I hate it and it’s about to get disposed of at the local tip. Or with a lump hammer. Maybe both.
Laundrettes you say? Sure there are quite a few of them about, if you can bear to lug a huge bag of smellies through town. Then you’ll need a load of pound coins. Most crucially of all, I don’t think their machines do a very good job. In fact at the laundry nearest to me, I swear their machines barely put any water in, presumably in some cost-saving measure. So no, laundrettes are not the answer.
3. Bed time
Saucy! Not that. I have a fixed double but making it up with clean sheets is an exercise in yogic flexibility. Three of the four sides are rammed tight against wooden bulkheads/cupboards/sidewalls making access to the mattress corners unbelievably infuriating.
Squat on the bed, haul the spring-loaded mattress back and leap upon it as if trying to overpower a particularly vigorous escaped alligator and if you’re lucky you’ll manage to throw the noose – I mean, sheet corner – around it. One down and only minor injuries. Three more to go.
The situation isn’t even helped by the bed pulling out sideways a few inches; now there’s a slim chasm in which I can perch with one foot whilst simultaneously poking my hands under like a demented gynaecologist to tuck the sheet in.
Fortunately I’m a chap so the sheets are only changed every few months (when they get really crusty) but the awkwardness of doing so is enough to extend this time for as long as possible.
One of the great joys of the canals is the sheer variety of wildlife living there. Irritatingly, this extends to the not-so-pleasant critters too. Bees, wasps, horseflies, house flies, mosquitoes, miscellaneous unknown flying pests ... as soon as the weather turns half decent and you fling open the bow doors (being careful not to bang your head), in will storm a plague of tiny devils, seemingly unable or unwilling to find their way back out again despite the doors still being as wide and easy to get through as they were when the fly arrived.
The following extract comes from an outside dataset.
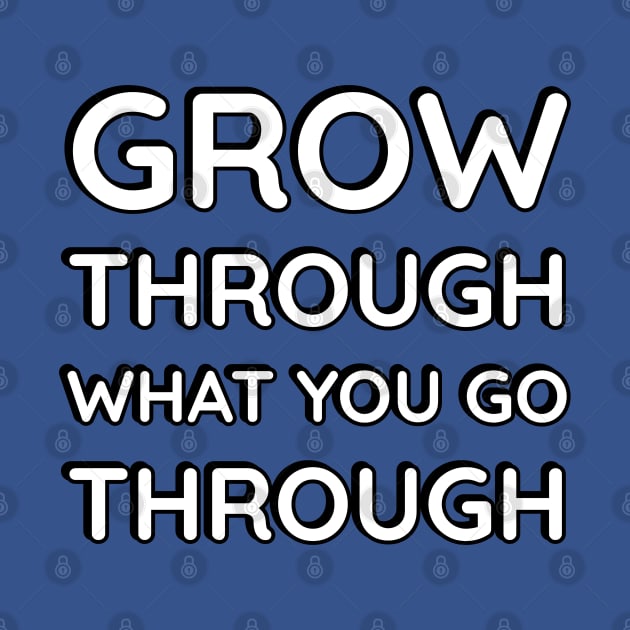 Success Quotes - Grow through what you go through by InspireMe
Come night time, they’ll flutter round your light fixtures and, worse, wait until you’ve gone to bed then buzz you as you try to snooze, the worst being the mozzies with their screachy little “zzzzzz” right above your ear.
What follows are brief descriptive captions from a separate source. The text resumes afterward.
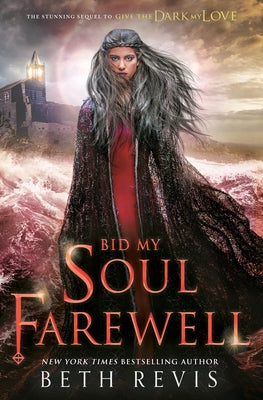 Bid My Soul Farewell by Revis, Beth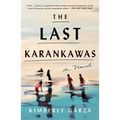The Last Karankawas - Paperback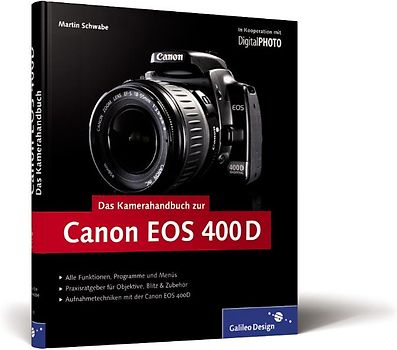 Canon EOS 400D. Das Kamerahandbuch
As a man generally in agreement with the Buddhist ideal of not taking any life, this means a whole lot of capturing things in upturned glasses and throwing them out in the dead of night, usually in the dark so they don’t come straight back again upon seeing the light. This often also leads to banging my head, for which see point one.
5. General terror
Is the boat about to sink? How bad is the rust under the waterline? Will the engine keep working? Has my fuel got diesel bug? Will the boat be burgled if I leave it for more than five minutes? Where are the safe places to moor overnight?
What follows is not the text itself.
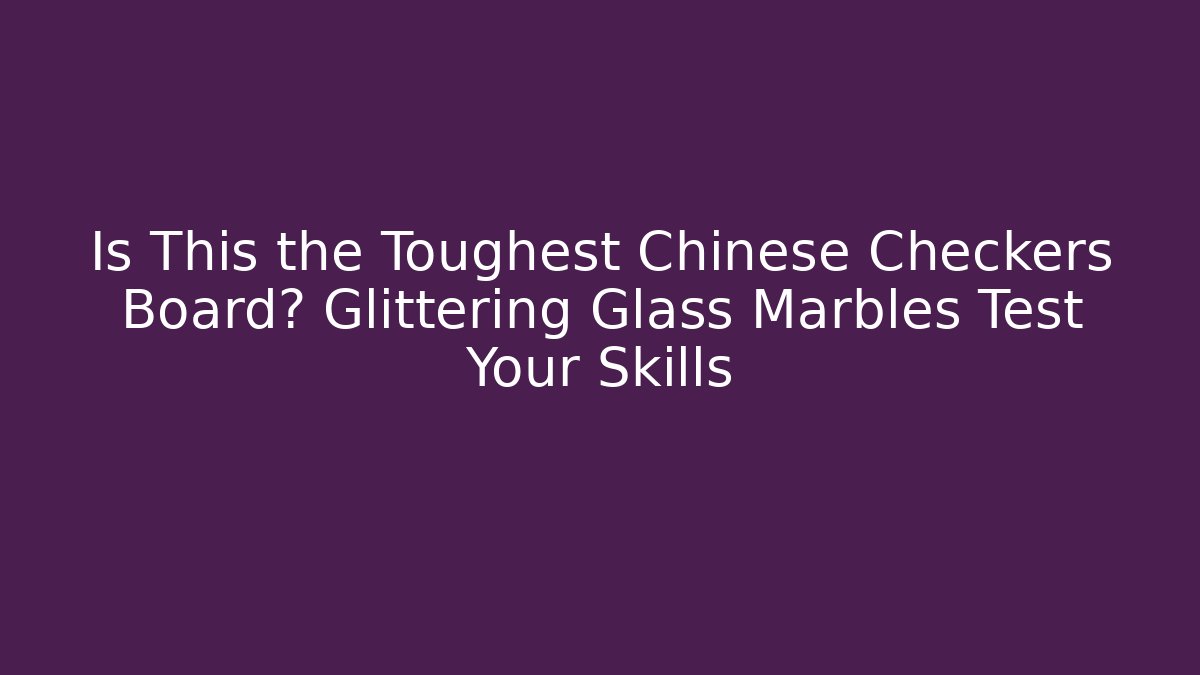Is This the Toughest Chinese Checkers Board? Glittering Glass Marbles Test Your Skills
Is all of humanity doomed?
Maybe it’s time to see a counsellor but these fears are uppermost in my mind most days from dawn to dusk. I’m sure I recall reading that living afloat is supposed to relax, calm and soothe the fevered brain yet, I assure you, there is no terror quite as great as wondering every morning whether your shower drain is secretly leaking water into the bilge.
Now it’s time to take stock and remind myself of all the joy in boating. I’ll go for a nice towpath stroll and maybe plan the counterpoint to this catalogue of angst.